Work to complete ▸ Output range, inclusive: from the line containing "1000 desi chicks for sale" to the line containing "BYD Champion, 160". Restate those lines from the data below word for word and only those.

Extracted records:

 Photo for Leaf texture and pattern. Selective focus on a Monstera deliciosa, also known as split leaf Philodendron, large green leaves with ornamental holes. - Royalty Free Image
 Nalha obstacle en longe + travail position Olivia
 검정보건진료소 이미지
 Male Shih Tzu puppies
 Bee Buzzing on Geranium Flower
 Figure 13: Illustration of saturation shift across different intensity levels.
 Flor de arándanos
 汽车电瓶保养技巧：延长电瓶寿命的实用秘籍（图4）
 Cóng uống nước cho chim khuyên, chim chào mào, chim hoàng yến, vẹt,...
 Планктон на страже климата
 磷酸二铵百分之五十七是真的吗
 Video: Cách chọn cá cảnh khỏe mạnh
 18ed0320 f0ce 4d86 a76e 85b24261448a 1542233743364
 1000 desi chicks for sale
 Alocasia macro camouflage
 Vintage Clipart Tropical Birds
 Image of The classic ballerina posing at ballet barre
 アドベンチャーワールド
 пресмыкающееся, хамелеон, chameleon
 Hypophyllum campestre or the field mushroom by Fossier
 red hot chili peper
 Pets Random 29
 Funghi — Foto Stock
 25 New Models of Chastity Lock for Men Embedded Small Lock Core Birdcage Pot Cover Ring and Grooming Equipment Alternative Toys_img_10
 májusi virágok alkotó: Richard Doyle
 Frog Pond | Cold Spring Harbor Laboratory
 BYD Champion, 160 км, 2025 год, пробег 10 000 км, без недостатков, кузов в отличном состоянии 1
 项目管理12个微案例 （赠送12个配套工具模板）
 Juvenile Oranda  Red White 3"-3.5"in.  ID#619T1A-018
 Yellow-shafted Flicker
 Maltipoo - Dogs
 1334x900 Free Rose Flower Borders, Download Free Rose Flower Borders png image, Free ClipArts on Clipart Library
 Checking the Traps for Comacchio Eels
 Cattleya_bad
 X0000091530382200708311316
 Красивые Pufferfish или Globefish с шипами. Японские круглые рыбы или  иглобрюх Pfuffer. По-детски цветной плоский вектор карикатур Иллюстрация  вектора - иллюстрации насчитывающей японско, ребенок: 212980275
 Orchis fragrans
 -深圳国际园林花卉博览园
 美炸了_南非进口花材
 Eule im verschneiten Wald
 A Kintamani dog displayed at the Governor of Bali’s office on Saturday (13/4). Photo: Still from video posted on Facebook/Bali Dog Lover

Exercise response ▸
 1000 desi chicks for sale
 Alocasia macro camouflage
 Vintage Clipart Tropical Birds
 Image of The classic ballerina posing at ballet barre
 アドベンチャーワールド
 пресмыкающееся, хамелеон, chameleon
 Hypophyllum campestre or the field mushroom by Fossier
 red hot chili peper
 Pets Random 29
 Funghi — Foto Stock
 25 New Models of Chastity Lock for Men Embedded Small Lock Core Birdcage Pot Cover Ring and Grooming Equipment Alternative Toys_img_10
 májusi virágok alkotó: Richard Doyle
 Frog Pond | Cold Spring Harbor Laboratory
 BYD Champion, 160 км, 2025 год, пробег 10 000 км, без недостатков, кузов в отличном состоянии 1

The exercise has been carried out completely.